BRIEF :: Repeat, word for word, each of the records shown below, without their pictures.
*** Block opens ***
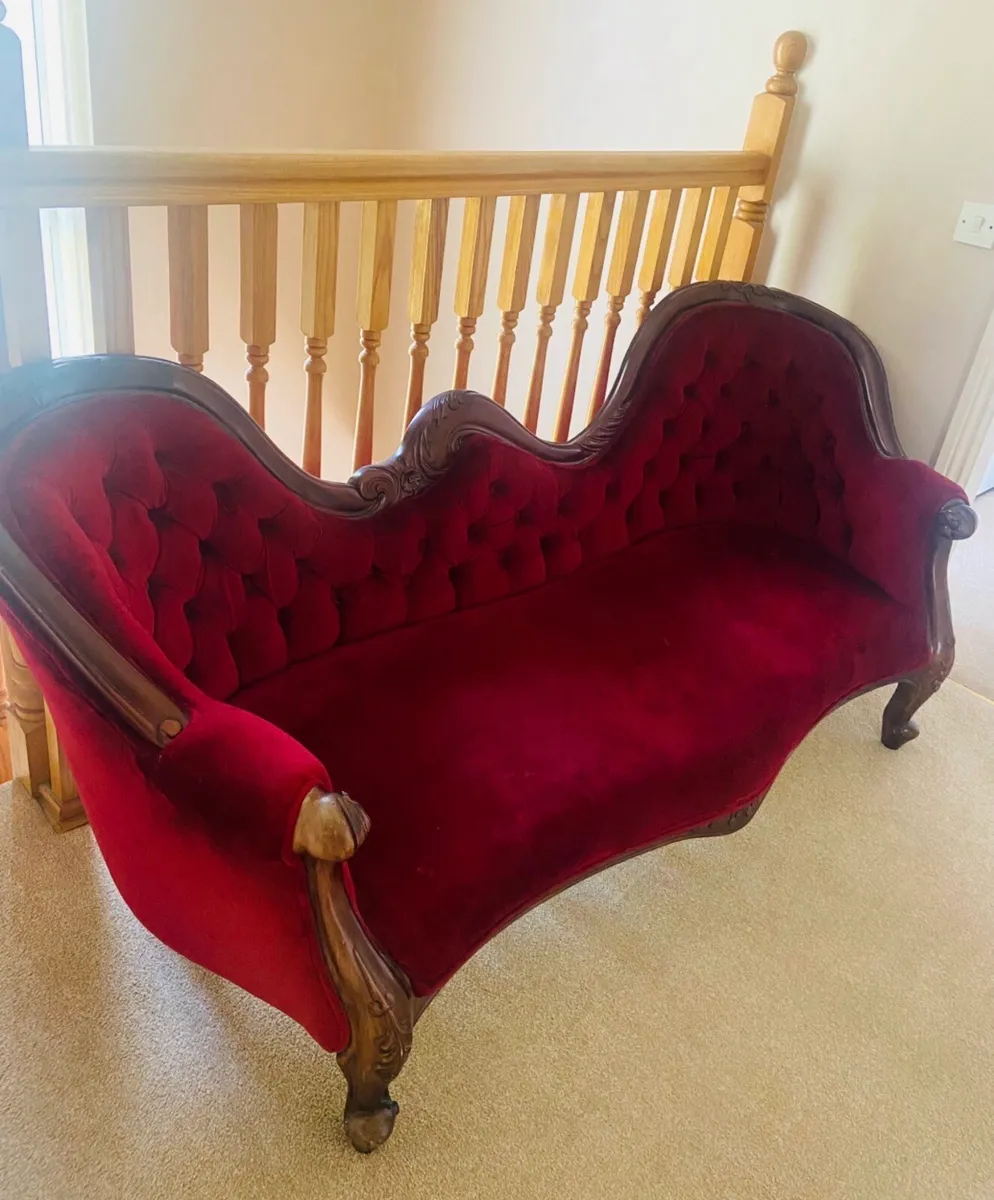 Chaise longue and 2 chairs - Image 2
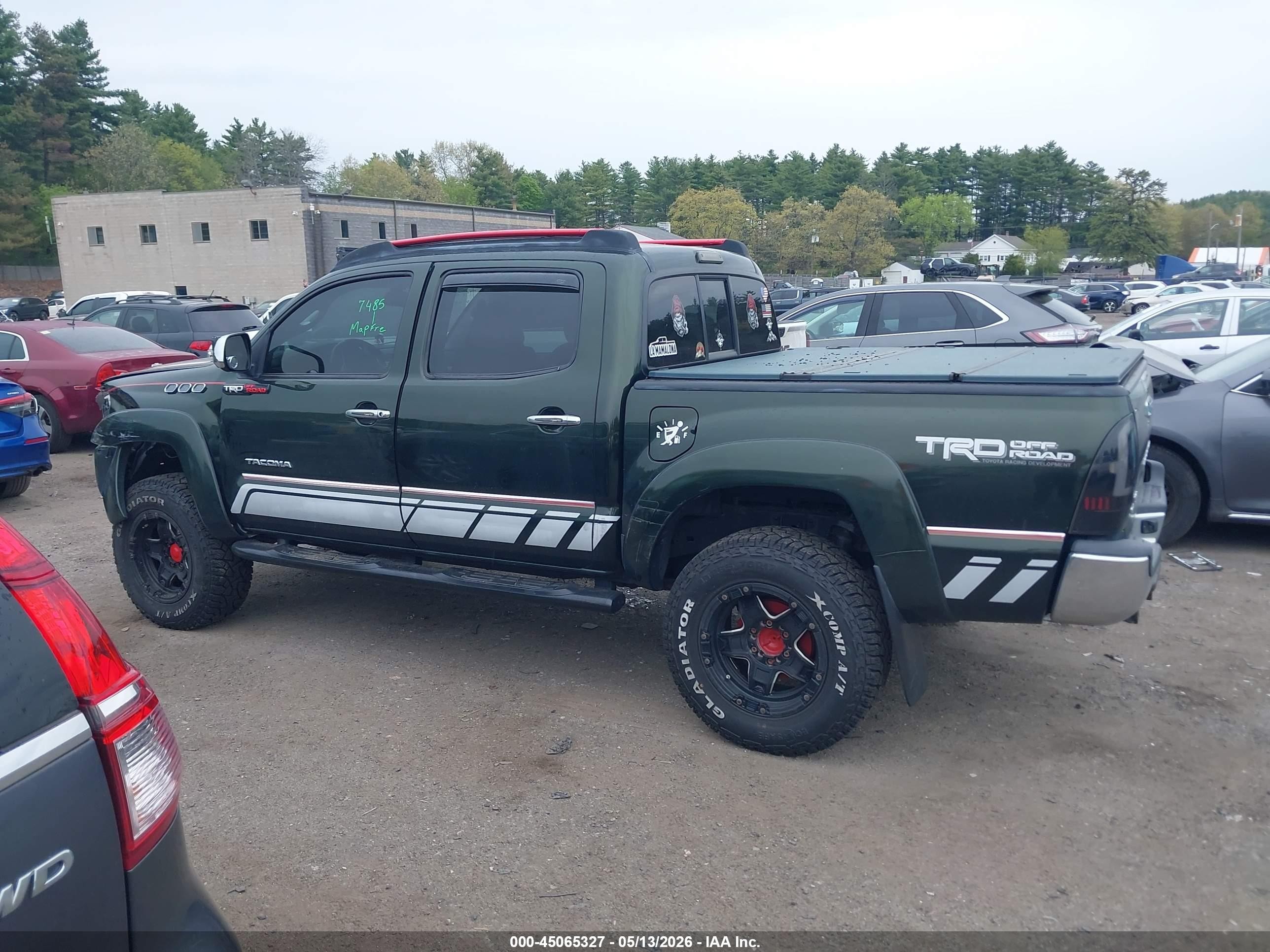 2013 Toyota Tacoma Base V6 Black vin: 3TMLU4ENXDM123546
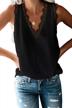 fashionable women's lace trim tank tops - v neck, sleeveless blouse vest shirts by blencot logo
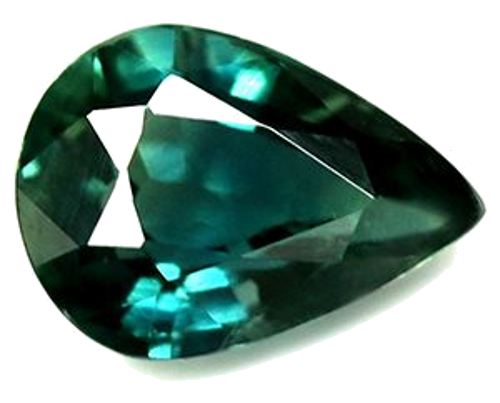 0.69 carat TEAL Pear Safyras (1)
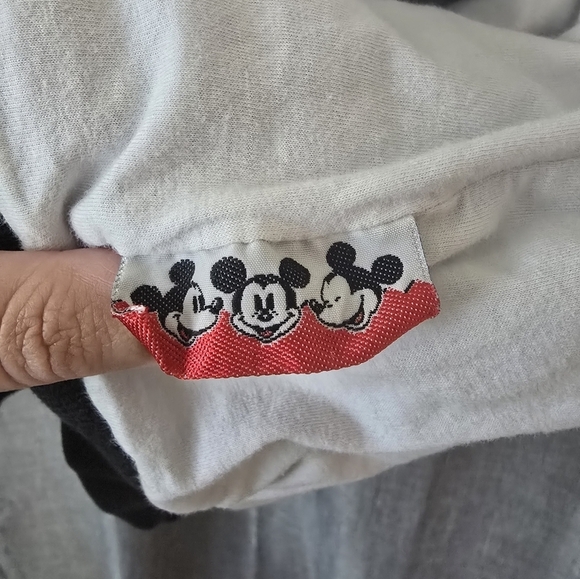 Vtg 1980s Reversible Mickey & Co Striped Goofy Sweatshirt Size L RARE - Picture 5 of 8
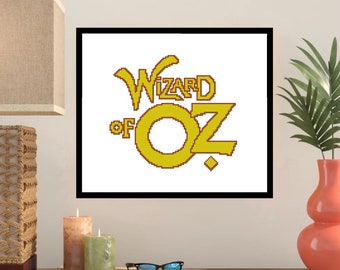 Patrones de punto de cruz del Mago de Oz -122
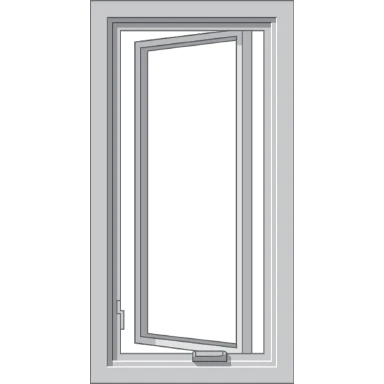 Waterloo Pella Hurricane Shield Series Vinyl Casement Window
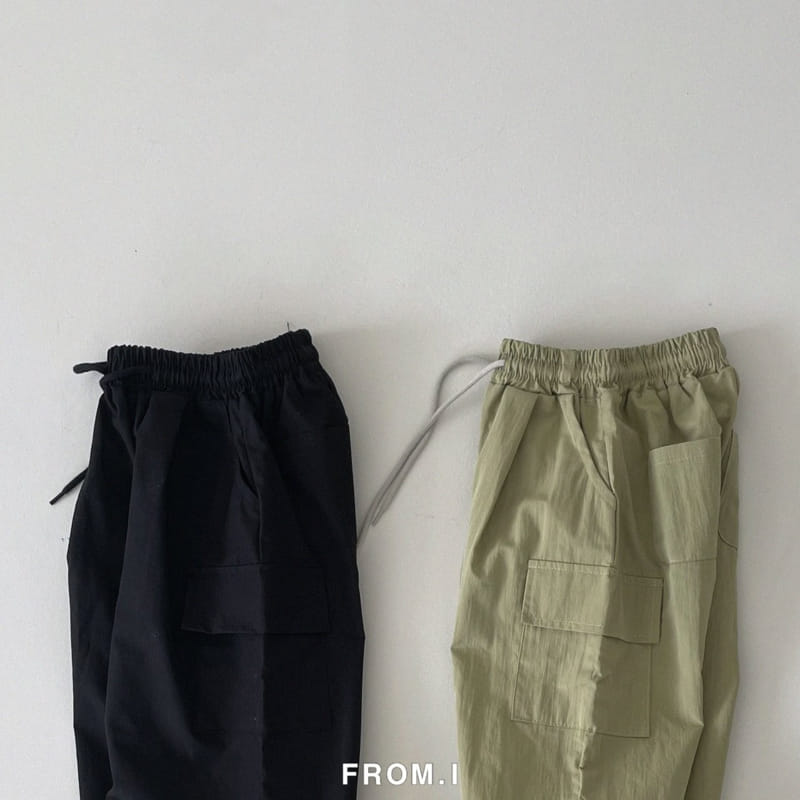 From I - Korean Children Fashion - #kidzfashiontrend - Nylon Cargo Pants - 6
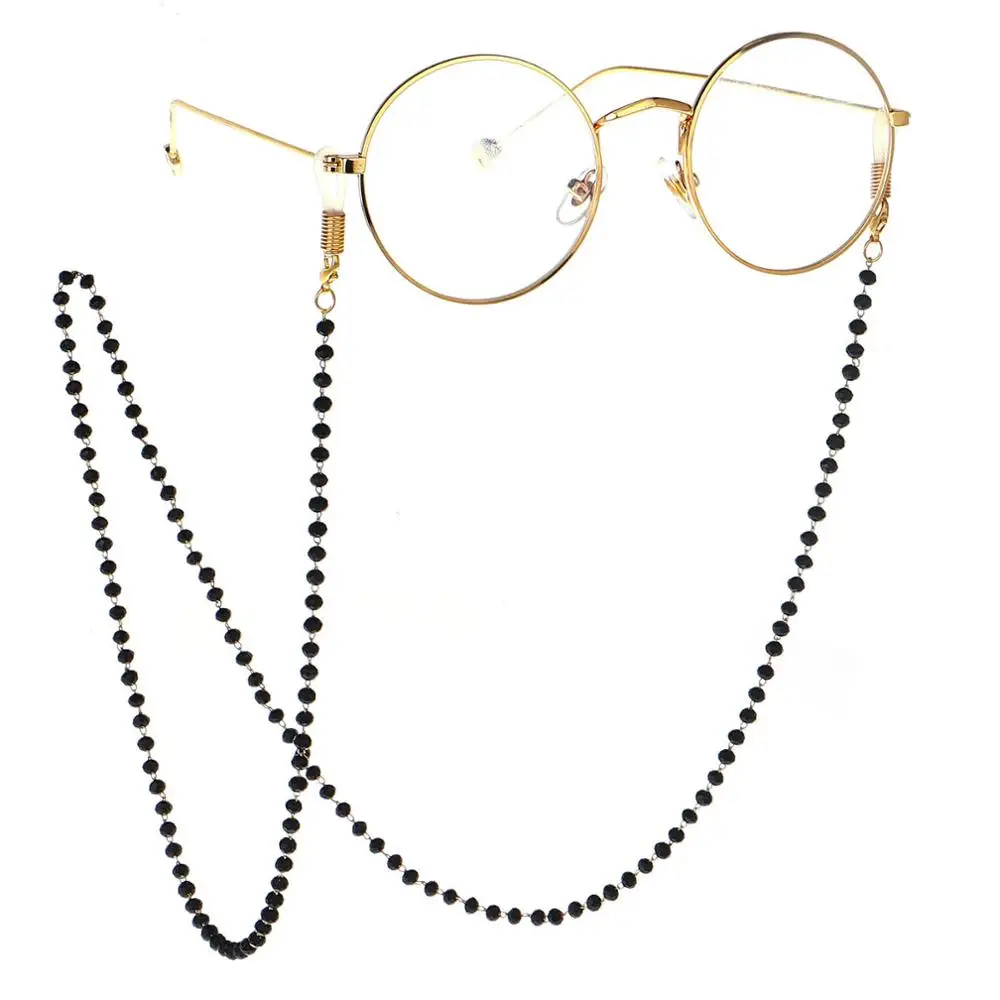 Fashion Gold Black Crystal  Sunglass Strap  Eyeglass Cord Eyeglass Metal  Chain Sunglasses chains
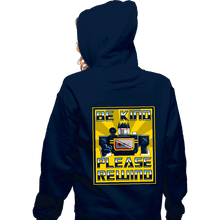 Load image into Gallery viewer, Daily_Deal_Shirts Zippered Hoodies, Unisex / Small / Navy Be Kind Please Rewind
*** Block closes ***
SOLUTION TO THIS TASK ::
 Chaise longue and 2 chairs - Image 2
 2013 Toyota Tacoma Base V6 Black vin: 3TMLU4ENXDM123546
 fashionable women's lace trim tank tops - v neck, sleeveless blouse vest shirts by blencot logo
 0.69 carat TEAL Pear Safyras (1)
 Vtg 1980s Reversible Mickey & Co Striped Goofy Sweatshirt Size L RARE - Picture 5 of 8
 Patrones de punto de cruz del Mago de Oz -122
 Waterloo Pella Hurricane Shield Series Vinyl Casement Window
 From I - Korean Children Fashion - #kidzfashiontrend - Nylon Cargo Pants - 6
 Fashion Gold Black Crystal  Sunglass Strap  Eyeglass Cord Eyeglass Metal  Chain Sunglasses chains
 Load image into Gallery viewer, Daily_Deal_Shirts Zippered Hoodies, Unisex / Small / Navy Be Kind Please Rewind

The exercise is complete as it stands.